Enhanced Privacy: Limits the need to share email addresses, reducing spam and data breach risks.
Huh? What does this even mean? How can you avoid sharing your email and replace it with a sign, if they need to check it against their database of… Emails?
Real-Life Usage: In physical stores, use your QR-art ‘Sign’ when asked if you have an account/booked at table.
Ah excellent. Someone can just look at a security camera or just snap a photo over your shoulder and steal your sign then. Because your proposal sure doesn’t note any way that these are 1-time use only. And if they were, this sounds like an awfully inconvenient way of receiving a temporary number (which sites usually only ever do as a cheap/bad 2FA method/password resets)
Email Verification: Receive a unique link via email, confirming your email’s validity.
Oh boy, better make sure to not get phished! Or that the link is 1 time use! Or that you aren’t being victimized by a MITM attack and getting it intercepted immediately!
I mean, a fair amount of people have point out my system is flawed and has been done better so its kinda a waste of time but i don’t think these are good against arguments against it so i will try to clarify this a bit more.
The sign is not a point of entry, it doesn’t matter that people can copy it anymore than people can have the same first name as you. There is very little anyone can win by knowing or copying your sign except maybe light bullying. It definiteness inst worse then what stranger can do with your email address. It is a name people can use to identify you but its not a proof of identity on its own, you’d need to combine it with something like a password for that.
At this point of time every site, every store every account is made using your email, the databases already exist. Rather then just inventing a brand new system for new sites, i though of something that could work with the current one. They only need to check their existing database once per email and change it into the hash, so now the user can login using the hash and can no longer login using he email.

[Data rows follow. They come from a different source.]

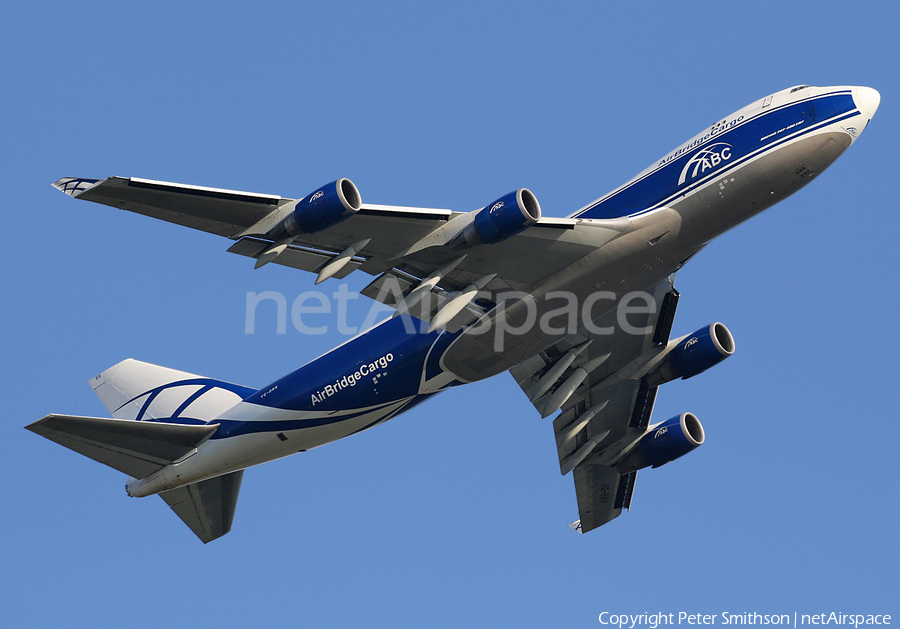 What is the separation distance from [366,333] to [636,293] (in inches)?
348

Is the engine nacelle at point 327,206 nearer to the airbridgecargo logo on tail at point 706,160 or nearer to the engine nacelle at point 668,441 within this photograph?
the airbridgecargo logo on tail at point 706,160

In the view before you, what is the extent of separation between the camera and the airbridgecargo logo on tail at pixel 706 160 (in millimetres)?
24891

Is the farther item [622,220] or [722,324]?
[722,324]

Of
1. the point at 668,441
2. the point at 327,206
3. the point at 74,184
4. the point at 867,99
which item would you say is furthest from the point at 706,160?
the point at 74,184

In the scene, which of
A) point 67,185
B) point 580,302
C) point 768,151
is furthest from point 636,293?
point 67,185

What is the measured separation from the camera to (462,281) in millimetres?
26281

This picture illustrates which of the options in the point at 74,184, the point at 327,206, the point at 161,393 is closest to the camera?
the point at 74,184

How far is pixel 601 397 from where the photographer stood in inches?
1328

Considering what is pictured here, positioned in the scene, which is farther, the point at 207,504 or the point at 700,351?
the point at 207,504

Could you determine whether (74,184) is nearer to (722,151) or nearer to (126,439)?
(126,439)

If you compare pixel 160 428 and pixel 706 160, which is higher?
pixel 706 160

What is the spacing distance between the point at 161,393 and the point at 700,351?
65.0 feet

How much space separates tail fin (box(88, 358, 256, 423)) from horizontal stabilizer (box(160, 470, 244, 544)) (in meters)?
2.78

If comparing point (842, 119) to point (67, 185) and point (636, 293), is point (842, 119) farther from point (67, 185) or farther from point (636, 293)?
point (67, 185) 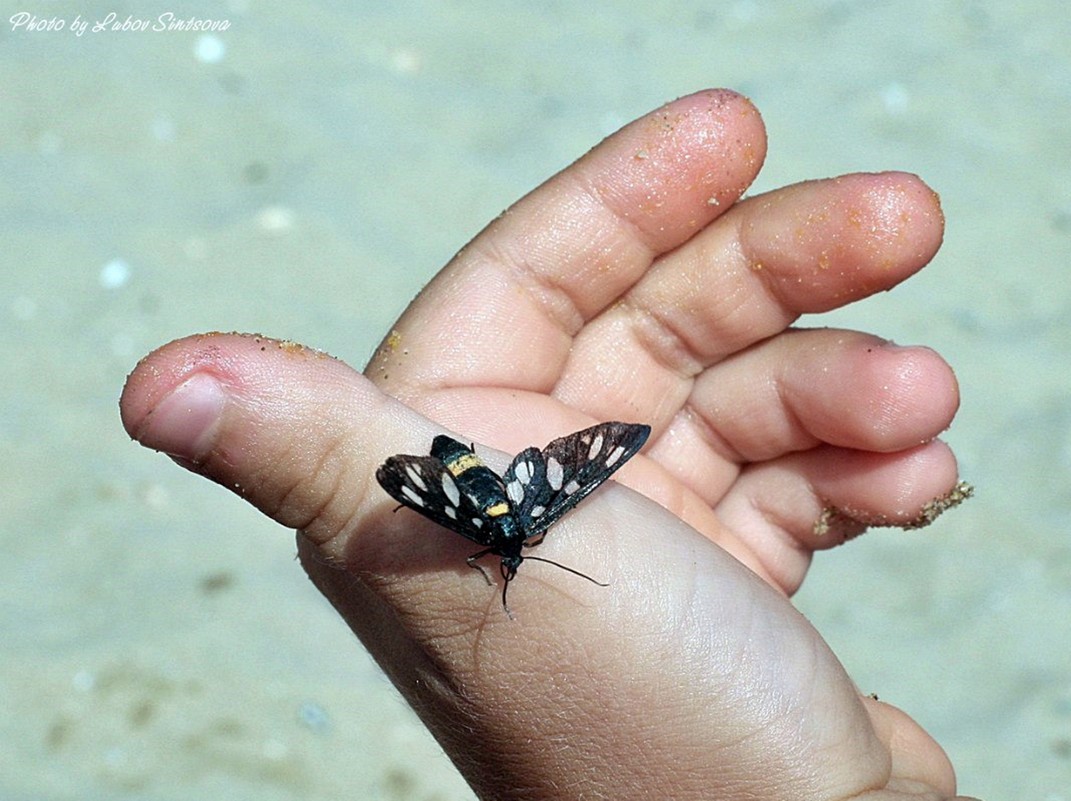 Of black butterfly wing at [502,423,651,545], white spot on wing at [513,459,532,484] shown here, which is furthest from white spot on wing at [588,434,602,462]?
white spot on wing at [513,459,532,484]

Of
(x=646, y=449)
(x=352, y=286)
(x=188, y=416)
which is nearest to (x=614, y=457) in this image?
(x=188, y=416)

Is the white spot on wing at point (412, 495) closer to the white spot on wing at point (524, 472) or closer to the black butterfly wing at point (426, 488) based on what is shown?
the black butterfly wing at point (426, 488)

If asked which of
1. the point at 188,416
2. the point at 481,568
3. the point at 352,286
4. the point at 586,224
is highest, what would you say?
the point at 586,224

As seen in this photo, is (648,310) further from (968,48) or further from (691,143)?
(968,48)

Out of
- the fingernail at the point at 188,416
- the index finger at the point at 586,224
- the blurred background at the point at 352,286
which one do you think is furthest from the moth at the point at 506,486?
the blurred background at the point at 352,286

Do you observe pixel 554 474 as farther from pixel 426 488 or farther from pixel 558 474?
pixel 426 488

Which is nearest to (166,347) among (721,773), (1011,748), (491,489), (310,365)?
(310,365)

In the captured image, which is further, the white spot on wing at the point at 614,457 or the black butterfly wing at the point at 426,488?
the white spot on wing at the point at 614,457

The email verification thing is bog standard procedure we use today build in every account registration setup to guarantee that its the owner of the email that is making an account, i would be using it the same way to make sure you cant create a code for someone elses emai. You may wander how to do this when there is no more email in the registration for other sides. Easy, there is no initial check, its not a problem irl that people have the same name, neither is it a real problem that someone used your sign for a login, i cant see a reason why they would but next to forgot pasword there is now “Someone else has used my sign” In this case the site could still ask an email address as a secondary identifier, Cross reference the email again the code itself (as the code contains the algorithm to convert the email into the code), send standard verification mail so the owner can proof ownership. old account gets deleted and they get a new one. Using someone else sign cant be stopped just like you can pick any first and last name on facebook but because we know the signs to be unique it should be against TOS to create an account using someone a sign made with an email you don’t own without permission.
This has gone on to long again, its a flawed idea, i wont actually execute it and i pretty much expected it to be shot down, the feedback is still valuable to me, which is why i did it.
I’ll summarize myself and my initial intentions in a final stance.:
I firmly stand again the practice of using email addresses as usernames for online identities, there are good reasons for sites to require your email address but a username or way to login is not a good reason for such sensitive communication-information.